# new Discus, hiding and not eating



## Iceterran

I just picked up 6 red Turquoise Discus for my 75gal, the water params are as follows:
PH: 6.5
temp: 80
GH: not sure, going to buy test kit today
nitrates/nitrites/ammonia: 0

The fish have been in my tank for two days and they seem to bunch up in the corners of the tank and hide frequently. Also the first day I brought them home they ate very lightly, now they seem un interested. Is this normal for new discus? 
Other inhabitants in my tank include 2 Bolivian rams, 2 celebes rainbows and a fairly large algae crew, I can be more specific about the algae crew if it is relevant. Thanks


----------



## Tedb

Everything seems in line, is it a planted tank? Did you buy them from a breeder or LFS? Maybe it is the added light that has caused their fear? I know most breeders have little light over their tanks so when a fish is placed in a brightly lit tank it can cause stress. Give them a few more days while they get adjusted. I have had this happen when I took discus from bare bottom tanks and put them in planted tanks and visa-versa. I used to grow my breeders out in a large planted tank then move them to sparse breeding tanks when pairs formed. They would stress for a few days and then come around. You might try lowering the lights for a few days. As for getting them to eat, are you feeding them the same thing they were eating before? Also are they adult or juvi discus? Adults have a harder time adjusting than juvis so it may take them longer. You might try feeding them live blackworms or chopped earthworms for a while until they feel comfortable enough to start eating other foods.


----------



## BruceWatts

Yes it is pretty normal. They need a few days to adapt to their new home. Depending how big your new discus are you have added a heavy biolode to your tank and it may not be big enough to house them at maturity with the other fish that are already there.
I would try and tempt them with live foods to get them eating again. Try tubiflex worms or brine shimp.

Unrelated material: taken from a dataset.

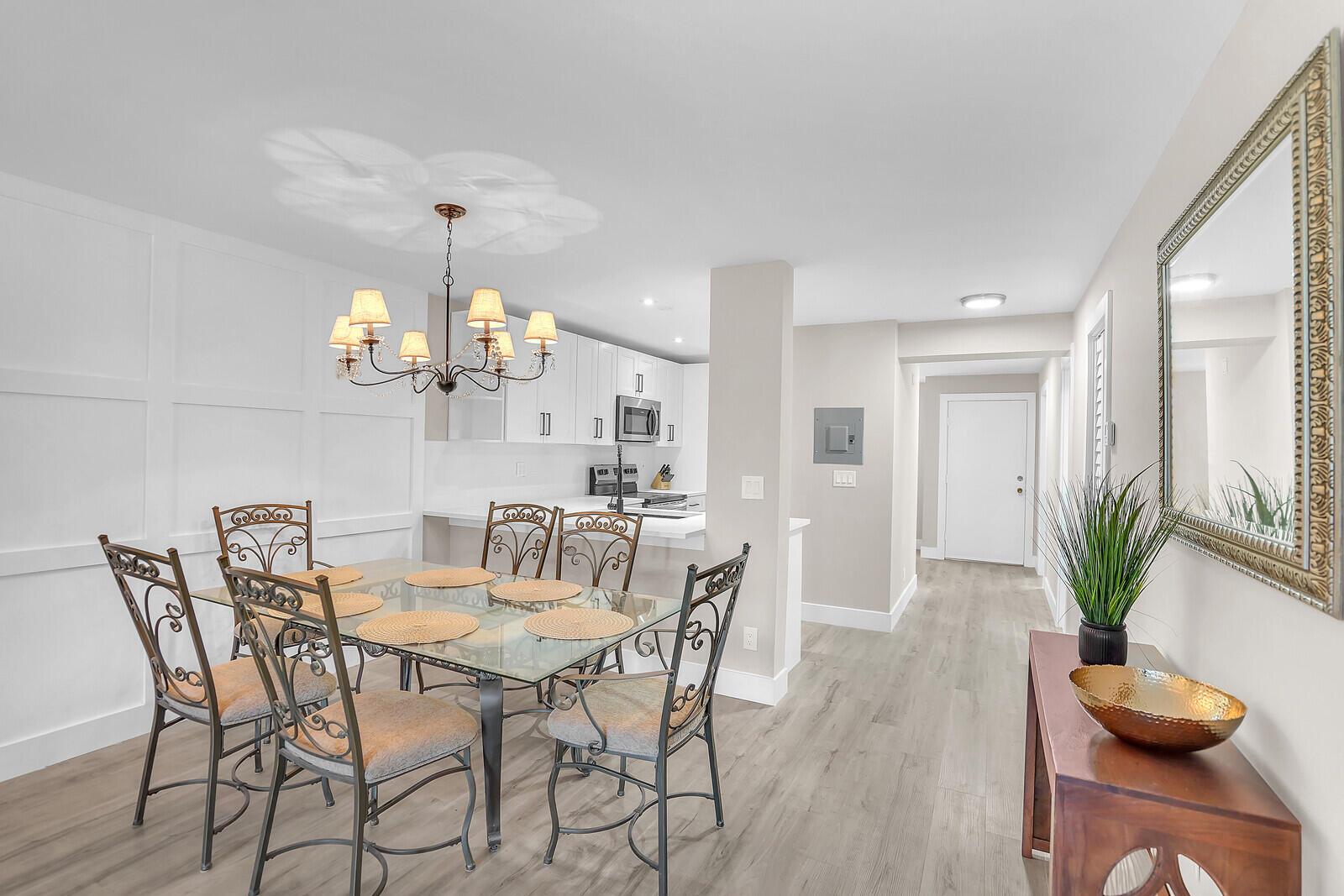 PALM GREENS AT VILLA DEL - Residential Lease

Probably not a good idea to feed the worms after they have settled down though. 

The other thing is that 80F is a little low for discus. Be sure to not make any sudden correction or fuss about the tank until they have settled in.

Bruce


----------



## rich_one

couple things, imo:

1. I think for one, your temp is a bit low for discus. you cannot go raising it suddenly now, but I would not go lower than 82 at the worst for discus, and I have kept mine at 84.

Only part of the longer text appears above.